Data Demystified — Machine Learning

The main goal of this article is to cover the most important concepts of machine learning, and lay-out the landscape. The reader will have the vision to understand what kind of solution matches a specific kind of problem, and should be able to find more specific knowledge after diving into a real-life project.

What is Machine Learning?

I’ll start with a 60 years old definition, but still valid today:

Machine Learning is the field of study that gives computers the ability to learn without being explicitly programmed.

Arthur Samuel (1959)

The name is pretty self-explanatory, and the definition reinforces the same concept.

For those with a taste for a more maths-like definition, we can relate to a 1998 definition:

A computer program is said to learn from experience E with respect to some task T and some performance measure P, if its performance on T, as measured by P, improves with experience E.

Tom Mitchell (1998)

Let’s use a typical example to clarify these concepts: classifying an email as spam or no spam. What we’ll typically do is:

1. The task T is classifying emails
2. Experience E is watching how users manually classify their emails, tagging them as spam.
3. Measure P is the percentage of emails correctly classified as spam.

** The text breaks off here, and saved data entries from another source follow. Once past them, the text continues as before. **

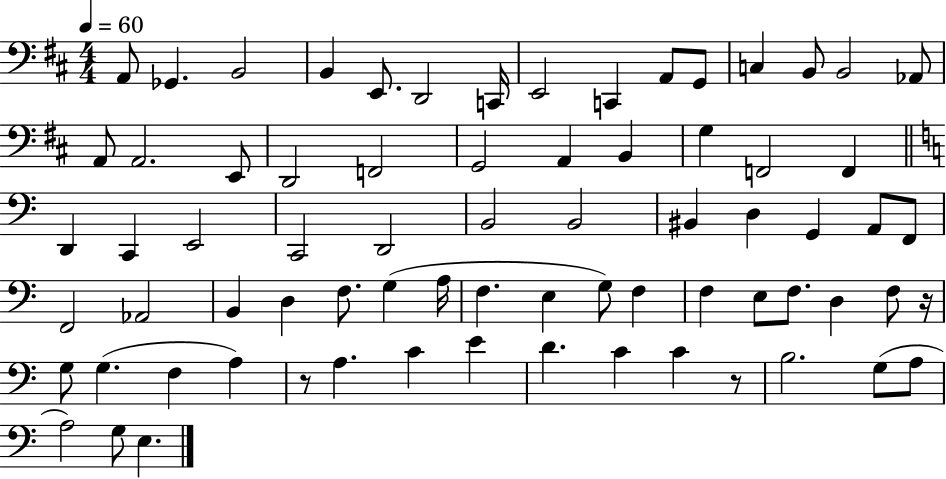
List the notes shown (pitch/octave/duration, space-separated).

A2/e Gb2/q. B2/h B2/q E2/e. D2/h C2/s E2/h C2/q A2/e G2/e C3/q B2/e B2/h Ab2/e A2/e A2/h. E2/e D2/h F2/h G2/h A2/q B2/q G3/q F2/h F2/q D2/q C2/q E2/h C2/h D2/h B2/h B2/h BIS2/q D3/q G2/q A2/e F2/e F2/h Ab2/h B2/q D3/q F3/e. G3/q A3/s F3/q. E3/q G3/e F3/q F3/q E3/e F3/e. D3/q F3/e R/s G3/e G3/q. F3/q A3/q R/e A3/q. C4/q E4/q D4/q. C4/q C4/q R/e B3/h. G3/e A3/e A3/h G3/e E3/q.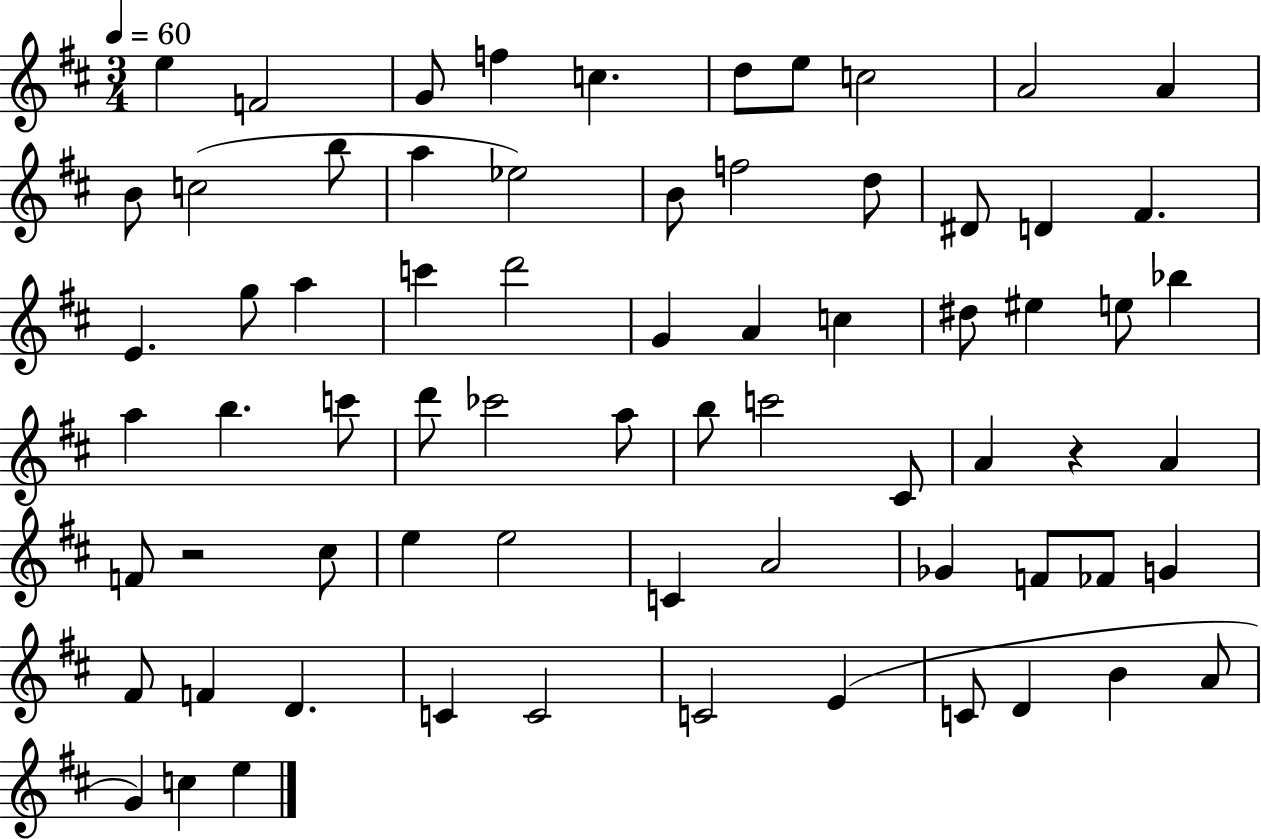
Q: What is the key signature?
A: D major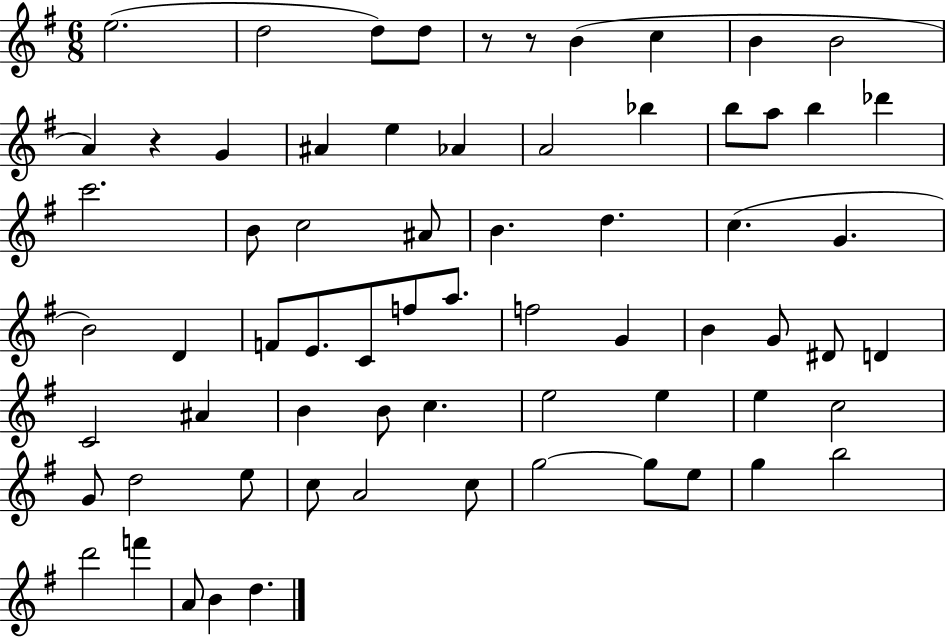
X:1
T:Untitled
M:6/8
L:1/4
K:G
e2 d2 d/2 d/2 z/2 z/2 B c B B2 A z G ^A e _A A2 _b b/2 a/2 b _d' c'2 B/2 c2 ^A/2 B d c G B2 D F/2 E/2 C/2 f/2 a/2 f2 G B G/2 ^D/2 D C2 ^A B B/2 c e2 e e c2 G/2 d2 e/2 c/2 A2 c/2 g2 g/2 e/2 g b2 d'2 f' A/2 B d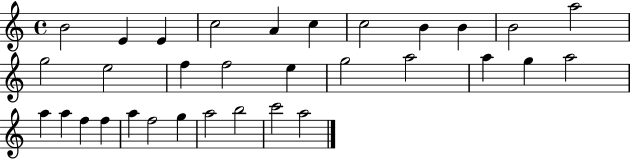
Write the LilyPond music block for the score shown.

{
  \clef treble
  \time 4/4
  \defaultTimeSignature
  \key c \major
  b'2 e'4 e'4 | c''2 a'4 c''4 | c''2 b'4 b'4 | b'2 a''2 | \break g''2 e''2 | f''4 f''2 e''4 | g''2 a''2 | a''4 g''4 a''2 | \break a''4 a''4 f''4 f''4 | a''4 f''2 g''4 | a''2 b''2 | c'''2 a''2 | \break \bar "|."
}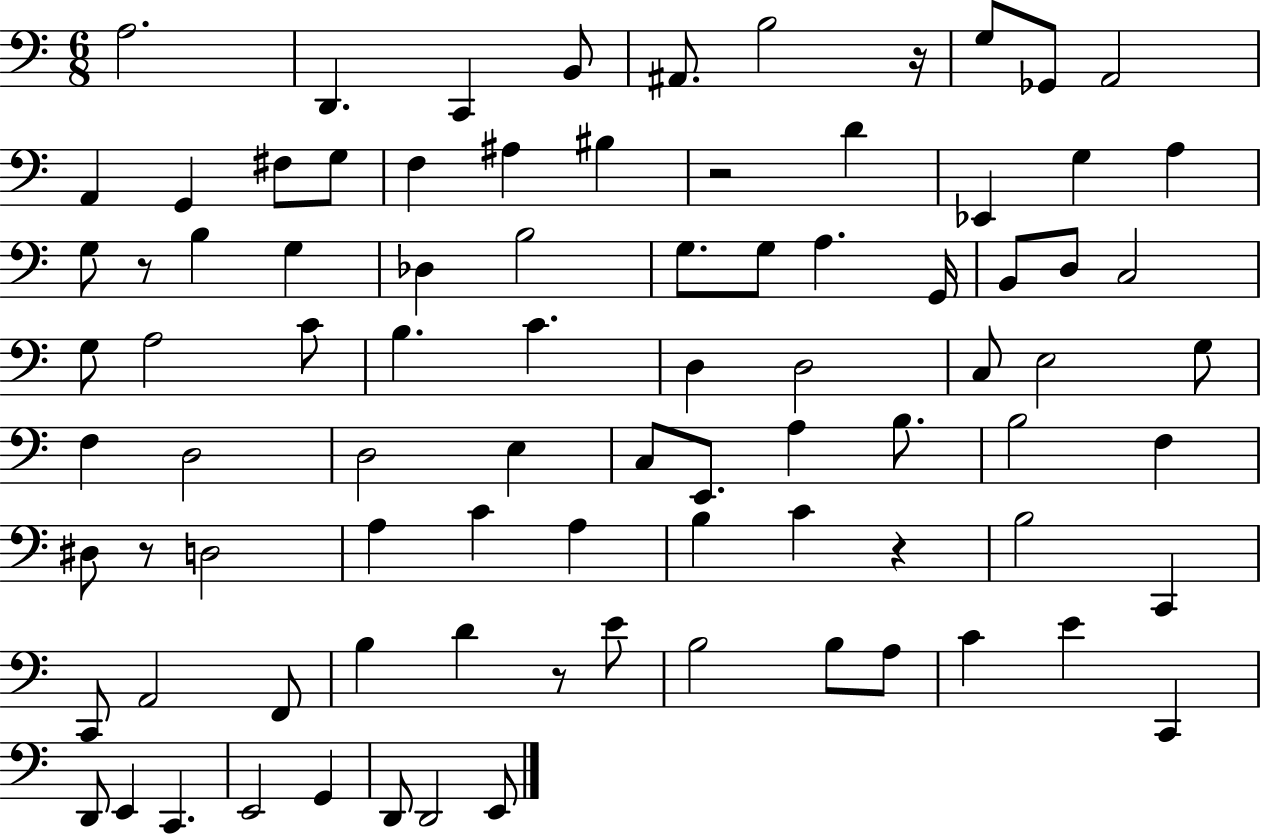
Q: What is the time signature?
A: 6/8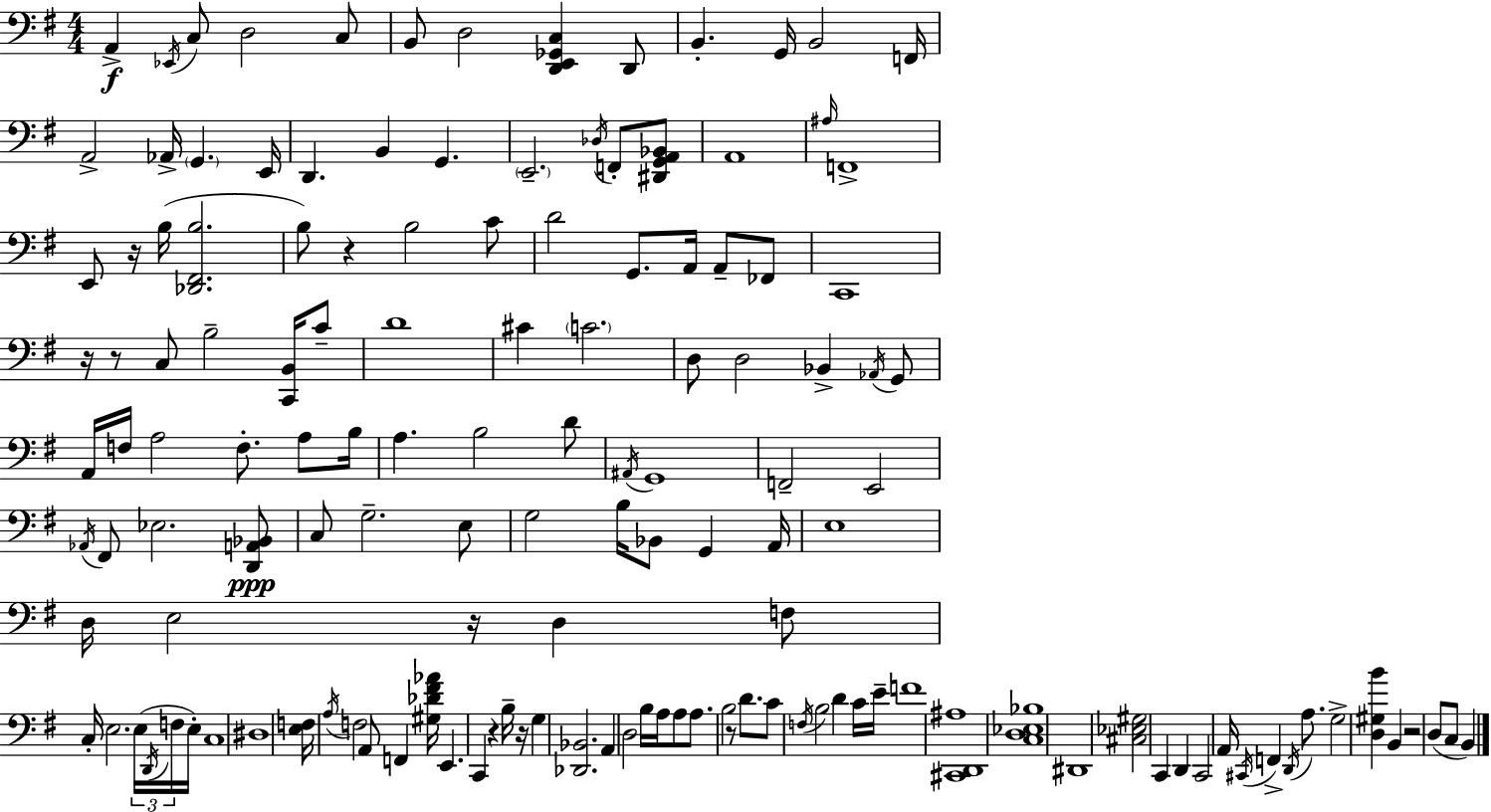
{
  \clef bass
  \numericTimeSignature
  \time 4/4
  \key g \major
  a,4->\f \acciaccatura { ees,16 } c8 d2 c8 | b,8 d2 <d, e, ges, c>4 d,8 | b,4.-. g,16 b,2 | f,16 a,2-> aes,16-> \parenthesize g,4. | \break e,16 d,4. b,4 g,4. | \parenthesize e,2.-- \acciaccatura { des16 } f,8-. | <dis, g, a, bes,>8 a,1 | \grace { ais16 } f,1-> | \break e,8 r16 b16( <des, fis, b>2. | b8) r4 b2 | c'8 d'2 g,8. a,16 a,8-- | fes,8 c,1 | \break r16 r8 c8 b2-- | <c, b,>16 c'8-- d'1 | cis'4 \parenthesize c'2. | d8 d2 bes,4-> | \break \acciaccatura { aes,16 } g,8 a,16 f16 a2 f8.-. | a8 b16 a4. b2 | d'8 \acciaccatura { ais,16 } g,1 | f,2-- e,2 | \break \acciaccatura { aes,16 } fis,8 ees2. | <d, a, bes,>8\ppp c8 g2.-- | e8 g2 b16 bes,8 | g,4 a,16 e1 | \break d16 e2 r16 | d4 f8 c16-. e2. | \tuplet 3/2 { e16( \acciaccatura { d,16 } f16 } e16-.) c1 | dis1 | \break <e f>16 \acciaccatura { a16 } f2 | a,8 f,4 <gis des' fis' aes'>16 e,4. c,4 | r4 b16-- r16 g4 <des, bes,>2. | a,4 d2 | \break b16 a16 a8 a8. b2 | r8 d'8. c'8 \acciaccatura { f16 } b2 | d'4 c'16 e'16-- f'1 | <cis, d, ais>1 | \break <c d ees bes>1 | dis,1 | <cis ees gis>2 | c,4 d,4 c,2 | \break a,16 \acciaccatura { cis,16 } f,4-> \acciaccatura { d,16 } a8. g2-> | <d gis b'>4 b,4 r2 | d8( c8 b,4) \bar "|."
}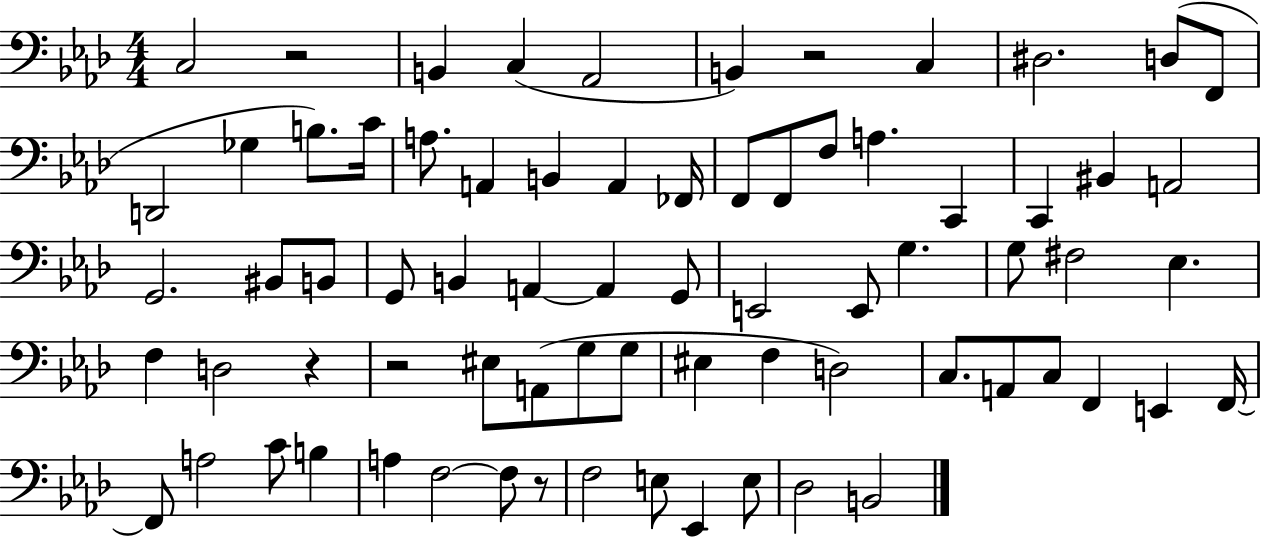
C3/h R/h B2/q C3/q Ab2/h B2/q R/h C3/q D#3/h. D3/e F2/e D2/h Gb3/q B3/e. C4/s A3/e. A2/q B2/q A2/q FES2/s F2/e F2/e F3/e A3/q. C2/q C2/q BIS2/q A2/h G2/h. BIS2/e B2/e G2/e B2/q A2/q A2/q G2/e E2/h E2/e G3/q. G3/e F#3/h Eb3/q. F3/q D3/h R/q R/h EIS3/e A2/e G3/e G3/e EIS3/q F3/q D3/h C3/e. A2/e C3/e F2/q E2/q F2/s F2/e A3/h C4/e B3/q A3/q F3/h F3/e R/e F3/h E3/e Eb2/q E3/e Db3/h B2/h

We have machine learning if P is improved over time.

We have two main categories of machine learning: supervised and unsupervised learning.

Supervised learning

It means that we have a training set: a list of “right values”. We’ll receive an input (typically a vector) and the main goal is to train the algorithm to be able to train its learning mechanisms using these values to finally being able to predict unseen cases.

Some examples could be:

• Forecast the price of a real estate based on its size and amenities.
• Recognize objects in images
• Forecast the score of a student in an exam, based on previous exams results.

Training sets can be huge but for the sake of simplicity, this is what a really simple one could look like.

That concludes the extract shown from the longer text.